Associations between and incident atrial fibrillation and plasma levels of LAFI-associated plasma microRNA.

	Prevalent AF Cases					Non-AF Cases
MicroRNA	N	Median Cq	Q1 Cq	Q3 Cq	Expression Mean Cq	N	Median Cq	Q1 Cq	Q3 Cq	Expression Mean Cq	Hazard Ratio	95% CI		P-Value
miR_324_3p	71	18.21	17.75	20.69	19.05	645	17.95	17.59	19.82	18.59	1.19	1.03	1.36	0.016
miR_26a_5p	141	17.62	16.68	18.4	17.54	1408	17.29	16.51	18.14	17.33	1.16	1.02	1.32	0.026
miR_106b_5p	139	17.99	16.93	18.7	17.93	1381	17.75	16.94	18.51	17.72	1.16	1.02	1.33	0.029
miR_363_3p	112	19.55	18.78	20.59	19.69	1108	19.29	18.59	20.24	19.43	1.17	1.01	1.36	0.043
miR_484	141	18.21	17.23	18.99	18.09	1386	17.91	17.13	18.64	17.89	1.15	1	1.32	0.049
miR_20a_5p	141	16.93	16.13	19.01	0.05	0.05	0.05	0.05	0.05	0.05	0.05	0.05	0.05	0.05

*Expression levels are reported in Cq (inversely related to plasma levels). Note that hazard ratio describes the risk in incident AF with 1 Cq increase

Fig 2

(A-F). Kaplan-Meier Plots show time to incident AF as a function of 6 microRNA plasma levels. Participants with lower than median microRNA plasma concentrations (1/Cq) tended to have earlier onset of atrial fibrillation. Blue = Less than median plasma level. Red = Greater than median plasma level. Subfigures A-F show Kaplan-Meier plots for each identified microRNA.

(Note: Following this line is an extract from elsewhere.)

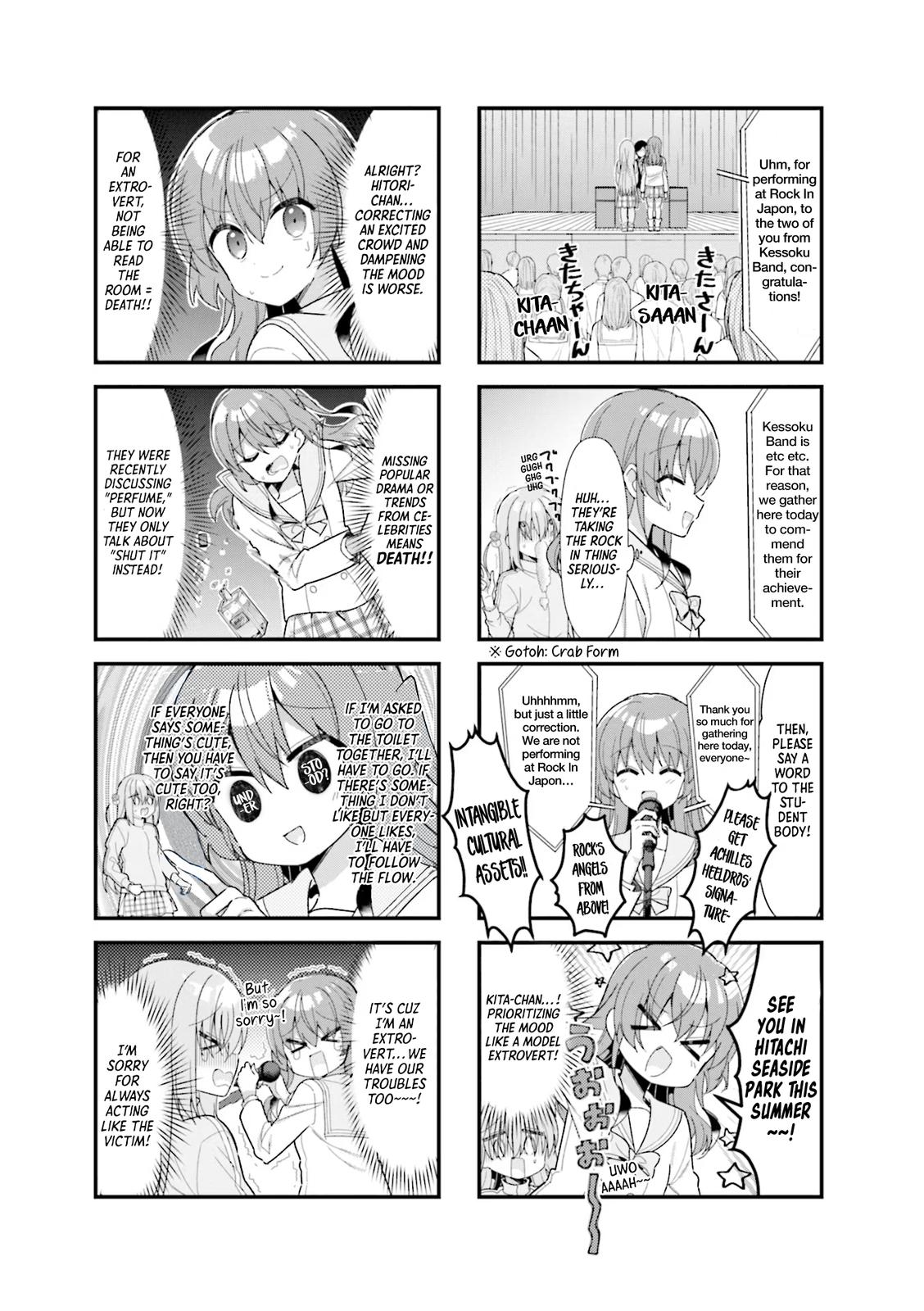Bocchi the Rock! Chap 41 - Next Chap 42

Gene targets of microRNAs associated with AF

We investigated potential targets of the six microRNAs associated with incident AF and LAFI through miRDB. 2402 genes were predicted as targets for at least one microRNA, among which 939 genes were predicted as targets for at least two microRNAs. Fig 3 shows the results of an enrichment analysis performed using Metascape [26]. The microRNA-related genes were significantly enriched into 20 categories with the two most significant being related to cell morphogenesis (GO0048667) and signal transduction (GO0007264). Furthermore, a comprehensive search of gene ontology databases and the published literature identified several genes known to influence susceptibility to incident AF that were regulated by the microRNAs identified in our analyses (Table 4).

Fig 3

miRDB enrichment analysis conducted in metascape of six microRNAs associated with incident AF and.

Each bar is labeled with associated process. The length of each bar is the negative base-10 logarithm of the calculated p-value based on a cumulative hypergeometric distribution.

Table 4

Known gene targets and phenotypes from gene ontology of the 6 microRNAs associated with LAFI and incident AF.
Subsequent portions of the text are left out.